Midwest began this past January gutting the interior of the building, removing about 1,700 tons of material. They brought Wildcat Rentals on in March as a subcontractor with their ball and crane demolition equipment to knock down the steel-reinforced, poured-in-place high rise.

Although the structure might have made a good subject for implosion, there were several factors that resulted in Midwest and Dallas County choosing traditional ball and crane demolition. The extensive glazing work of the adjacent County's Health and Human Services Building was a concern but not the primary reason for the decision. It boiled down to dust and dollars.

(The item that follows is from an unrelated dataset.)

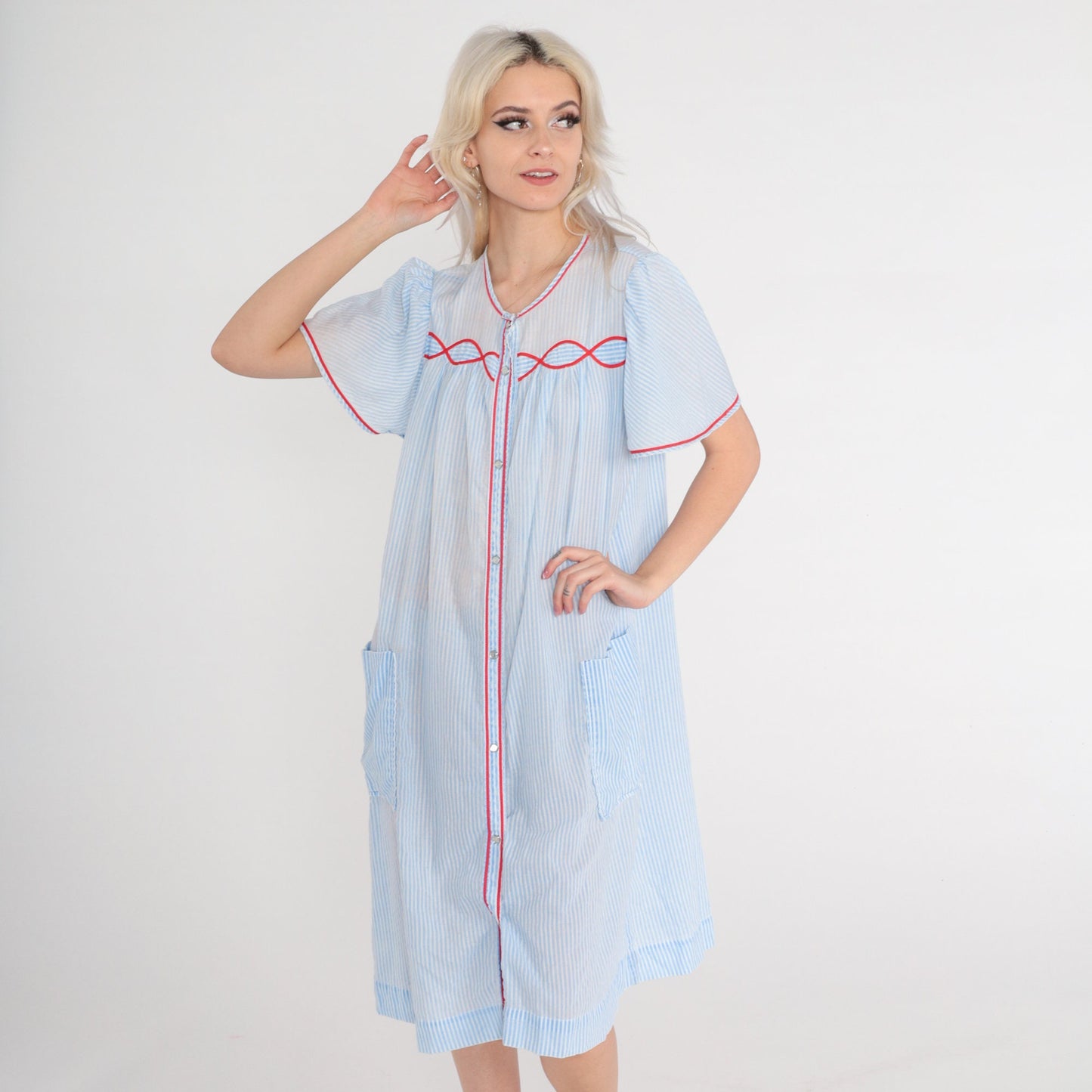 80s Striped Midi Lounge Dress Blue White Puff Sleeve Button-Up Medium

Brian Choate of Midwest Wrecking said, "Traditional ball and crane demolition causes small amounts of dust but over a longer period of time. Even though the dust cloud of an implosion lasts for only a matter of seconds or minutes, the potential impact to Stemmons Freeway could last much longer."

If the wind were to be blowing from the south, the resulting dust cloud and debris drifting onto Stemmons Freeway, only a matter of yards away, would create the need to close the 10-lane freeway and service roads for perhaps over an hour or more for cleanup. The high cost of interstate lane closures for that length of time was a cost that neither the county nor the contractor wished to chance, according to Jeremy Anderson, superintendent for Midwest Wrecking.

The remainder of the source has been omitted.